On 6 June 2014 21:34, Paul Sokolovsky <pmiscml@gmail.com> wrote:

On Fri, 06 Jun 2014 20:11:27 +0900
"Stephen J. Turnbull" <stephen@xemacs.org> wrote:

> Paul Sokolovsky writes:
>
>  > That kinda means "string is atomic", instead of your "characters
>  > are atomic".
>
> I would be very surprised if a language that behaved that way was
> called a "Python subset".  No indexing, no slicing, no regexps, no
> .split(), no .startswith(), no sorted() or .sort(), ...!?
>
> If that's not what you mean by "string is atomic", I think you're
> using very confusing terminology.

I'm sorry if I didn't mention it, or didn't make it clear enough - it's
all about layering.

On level 0, you treat strings verbatim, and can write some subset of
apps (my point is that even this level allows to write lot enough
apps). Let's call this set A0.

On level 1, you accept that there's some universal enough conventions
for some chars, like space or newline. And you can write set of
apps A1 > A0.

At heart, this is exactly what the Python 3 "str" type is. The universal convention is "code points". It's got nothing to do with encodings, or bytes.

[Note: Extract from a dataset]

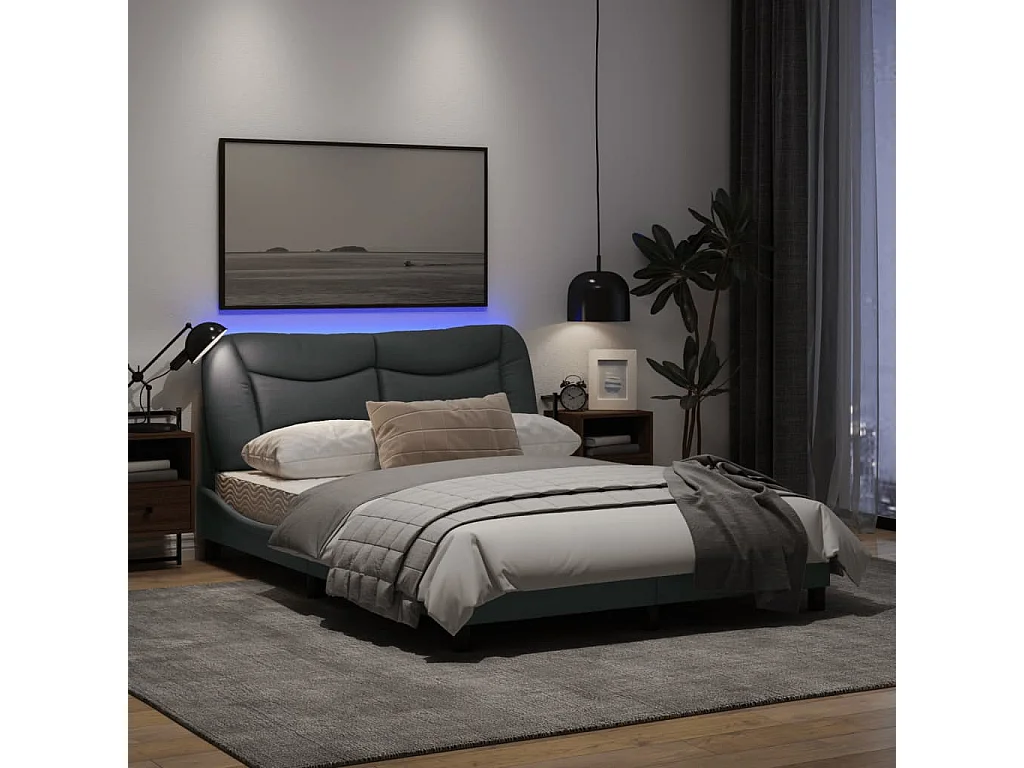 Cadre de lit avec lumières LED gris clair 140x200 tissu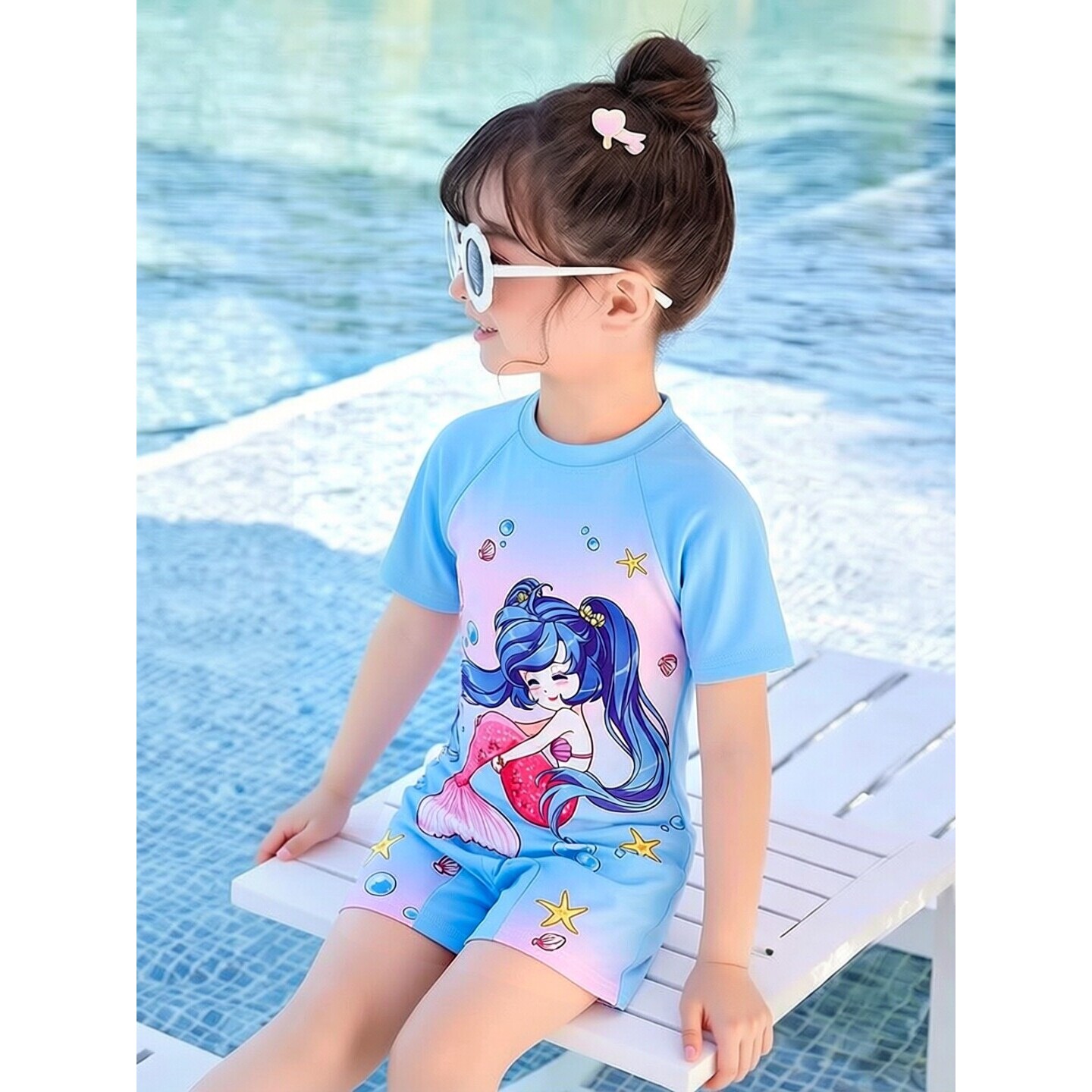 德国儿童泳衣短袖卡通中小童夏季泳游女童连体短袖沙滩套装女孩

A Python string is simply a finite sequence of atomic code points - it is indexable, and it has a length. Once you have that, everything is layered on top of it. How the code points themselves are implemented is opaque and irrelevant other than the memory and performance consequences of the implementation decisions (for example, a string could be indexable by iterating from the start until you find the nth code point).

Similarly the "bytes" type is a sequence of 8-bit bytes.

Encodings are simply a way to transport code points via a byte-oriented transport.